The ruins of the temple of Trajan are still visible today, a reminder of the idolatry of the city and its constant pressure on the Christian church.
Faithful but flawed
As his letter to the Pergamum Christians begins, Jesus speaks a word of hearty commendation: “you remain true to my name” (v. 13). The Greek says, “You are holding onto my name”–“holding” means to grasp tightly onto a treasured possession. Jesus’ “name” denotes his character or person. These Christians are honoring the third commandment in a city which breaks it daily.
Then Jesus describes their courage in another way: “You did not deny my faith.” They have held his name by refusing to deny their faith. And this refusal has come at great cost: “even in the days of Antipas, my faithful witness, who was put to death in your city–where Satan lives.”
Antipas is the only person named specifically in any of Jesus’ seven letters to his churches. His name means “against all,” a reputation he fulfilled to the death. He refused to bow the knee to Caesar or proclaim him lord, and paid the price of faithfulness with his life. Every Christian in Pergamum could expect the same consequences for keeping the faith.
Satan cannot defeat the church by a frontal assault, so he attempts an insidious strategy: idolatry, then heresy. First he uses idolatry: “You have people there who hold to the teaching of Balaam, who taught Balak to entice the Israelites to sin by eating food sacrificed to idols and by committing sexual immorality” (v. 14).

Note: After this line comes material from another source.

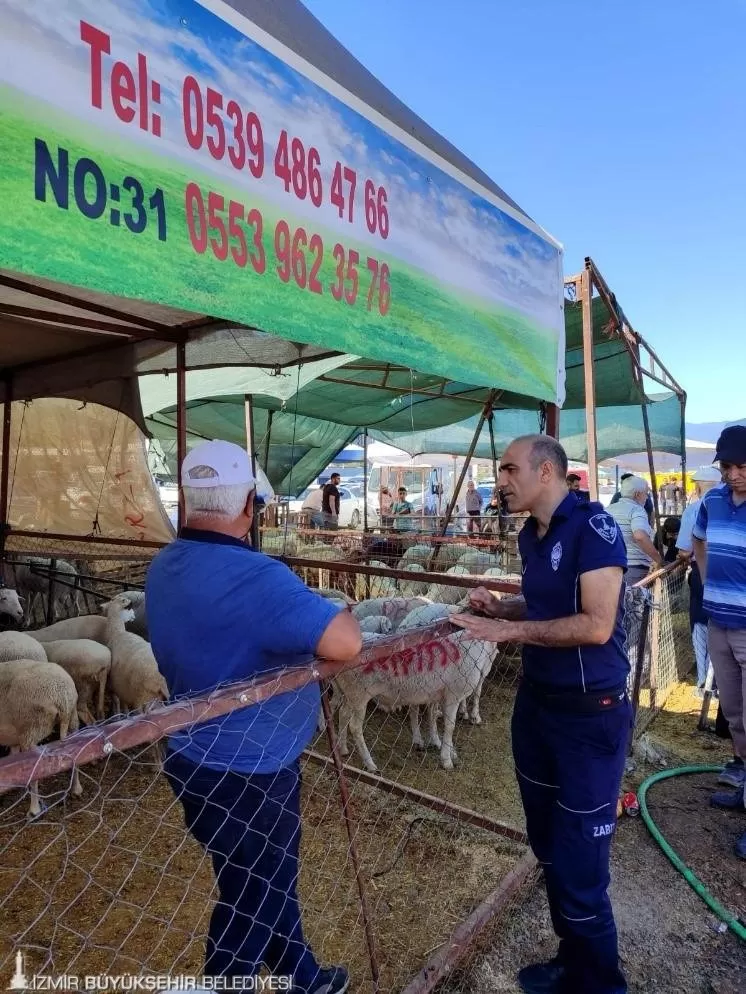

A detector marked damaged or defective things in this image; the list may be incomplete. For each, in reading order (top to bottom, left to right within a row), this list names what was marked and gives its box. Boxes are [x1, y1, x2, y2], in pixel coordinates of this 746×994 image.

rusty metal post [580, 266, 600, 500]
rusty metal post [320, 684, 380, 988]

Here’s the story in brief. Balak, the king of Moab, tried to entice Balaam the Hebrew prophet to curse Israel, but Balaam refused. However, he did even worse. He arranged a plan whereby the daughters of the Moabites seduced the men of Israel. Then these men led the Israelites to sacrifice to the pagan god of Moab and worship him (Numbers 22-25). From then to now, Balaam stands for the deception of idolatry.

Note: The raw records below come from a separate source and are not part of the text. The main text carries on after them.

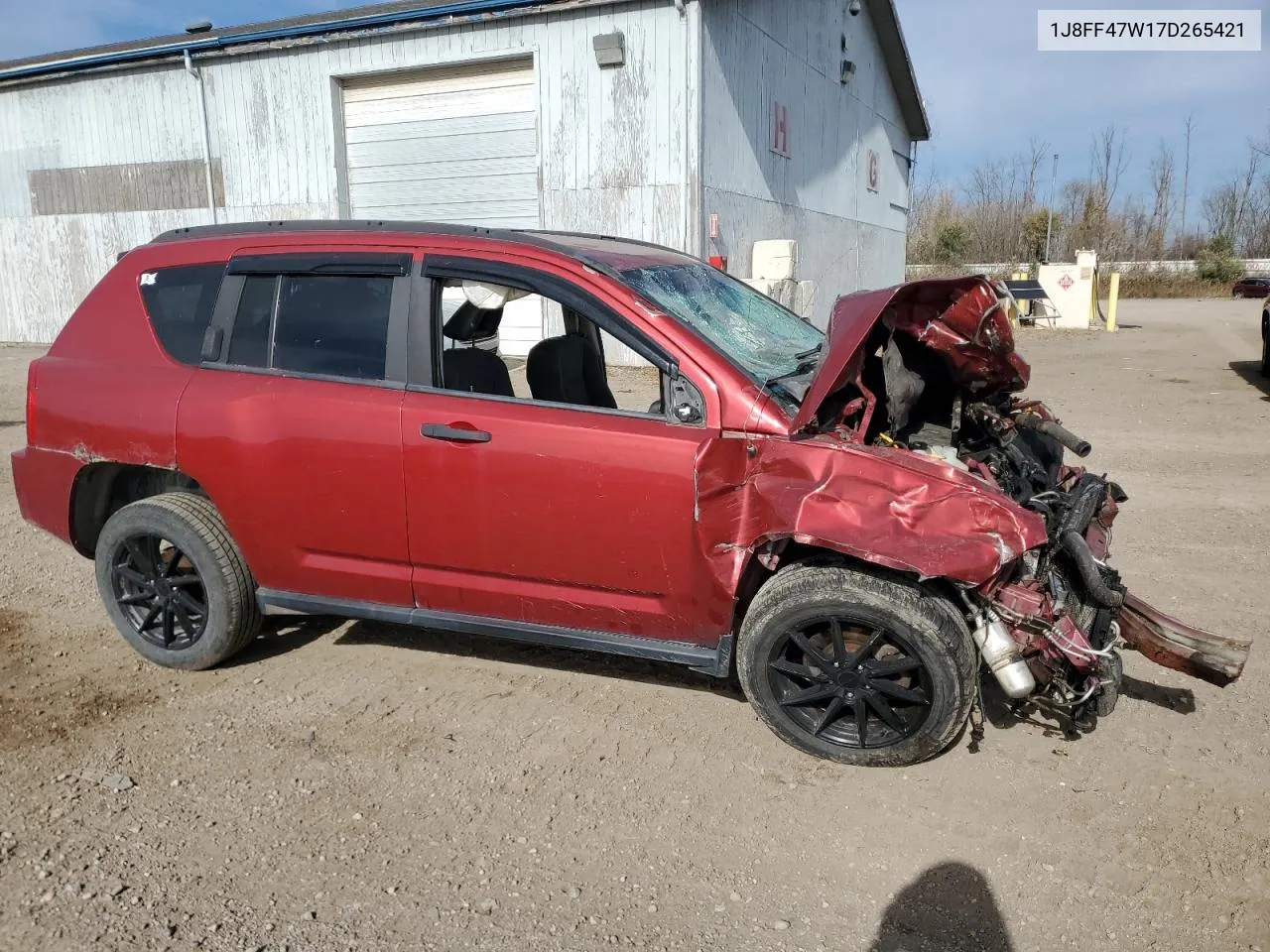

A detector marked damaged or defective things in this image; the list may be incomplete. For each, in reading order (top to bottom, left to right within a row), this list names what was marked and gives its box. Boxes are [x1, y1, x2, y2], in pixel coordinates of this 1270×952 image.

rusty metal panel [28, 164, 225, 216]
shattered windshield [622, 261, 823, 398]
crushed hood [782, 275, 1031, 436]
crumpled fender [696, 431, 1041, 596]
damaged front end [797, 275, 1254, 731]
detached bumper bar [1122, 594, 1249, 690]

And so Satan attempts a successful, strong church in the same way, enticing us to worship things or people other than God.
Second, Satan employs heresy: “Likewise you also have those who hold to the teaching of the Nicolaitans” (v. 15). We met this heretical group in Ephesus. Apparently they practiced a kind of Gnosticism, an early heresy which taught in part that physical actions do not bear on our spiritual lives.
In the letter to Ephesus we learned that Jesus “hates” this heresy. Unfortunately, the Christians in Pergamum did not.